Dollarama Inc., Canada’s largest dollar-store retailer, plunged the most in almost two years after reporting first-quarter earnings per share that fell short of analysts’ estimates for the first time since it went public.
Dollarama, based in Montreal, sank 3.4 percent to C$70.13 at 4 p.m. today in Toronto, the biggest one-day drop since August 2011. The stock has risen 19 percent this year, the fourth-best performer among 18 stocks in the Standard & Poor’s/TSX Consumer Discretionary Index.
The company reported adjusted earnings of 62 Canadian cents a share, short of the median estimate of 67 cents according to a Bloomberg survey of 10 analysts.
Dollarama had topped analyst estimates for 14 straight quarters since the company’s initial public offering in October 2009, data compiled by Bloomberg show.
The stock has 13 buys and 3 holds, according to ratings compiled by Bloomberg.
Same-store sales, a measure of sales at stores open for at least a year, rose 3.7 percent in the quarter, compared with 4.6 percent growth a year ago. Gross margin for the quarter was 35.9 percent, compared with 36.3 percent in 2012, Dollarama said in a statement.
“It was a disappointing quarter, the biggest surprise for us was the operating costs, which were way higher than what we expected,” Bobby Hagedorn, analyst with Edward Jones & Co., said on the phone from St. Louis. “They attributed it to costs from the increased pace of store openings.”
Dollarama opened 21 net new stores in the first quarter and has added 85 net new stores in the past year compared with 54 in prior comparable period.
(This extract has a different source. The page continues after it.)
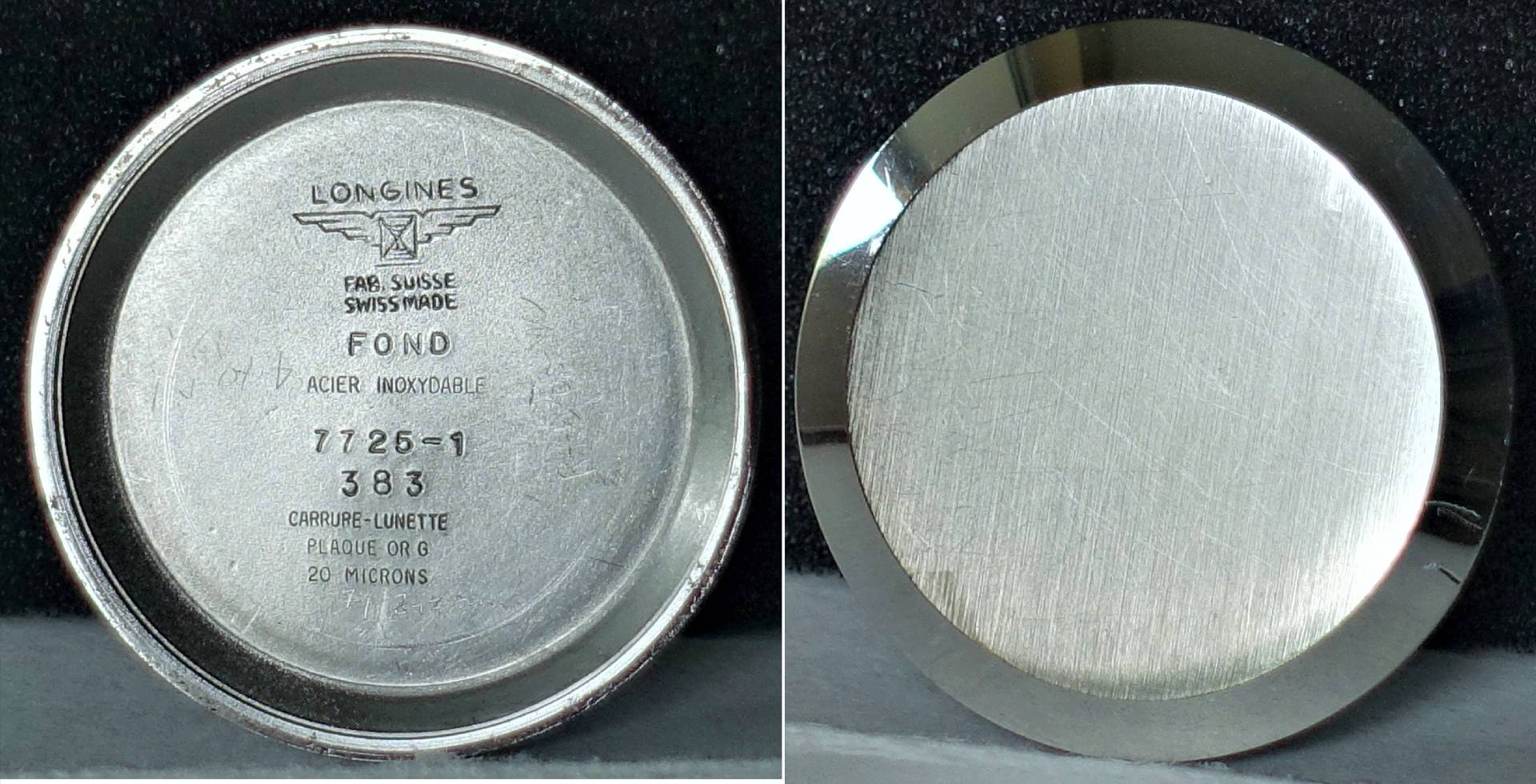 Silberfarbener Gehäuseboden für Longines Armbanduhren aus Metall, mit Prägung auf der Innenseite.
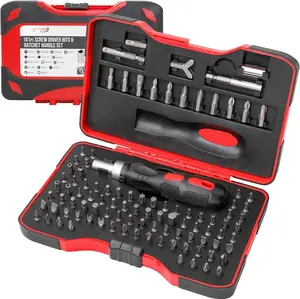 101 count Multi Bits  & Ratcheting Handle Tool Set Kit. Complete 1/4 Hex Screwdriving with Tamper Proof  Driver Bits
The costs of setting up the new stores as well as training staff are expected to impact Dollarama’s earnings for the next three quarters, the company said.
In a conference call discussing the earnings results today, Larry Rossy, chief executive officer with Dollarama, said the company is on pace to open at least 80 more stores in the coming year.
“We’re take a bit of a longer-term view, that this is a blip for them, and they will begin to see the benefits of the store openings,” Hagedorn said. “If they can get their same-store sales back to the 5 or 6 percent level, that could also help them mask that effect.”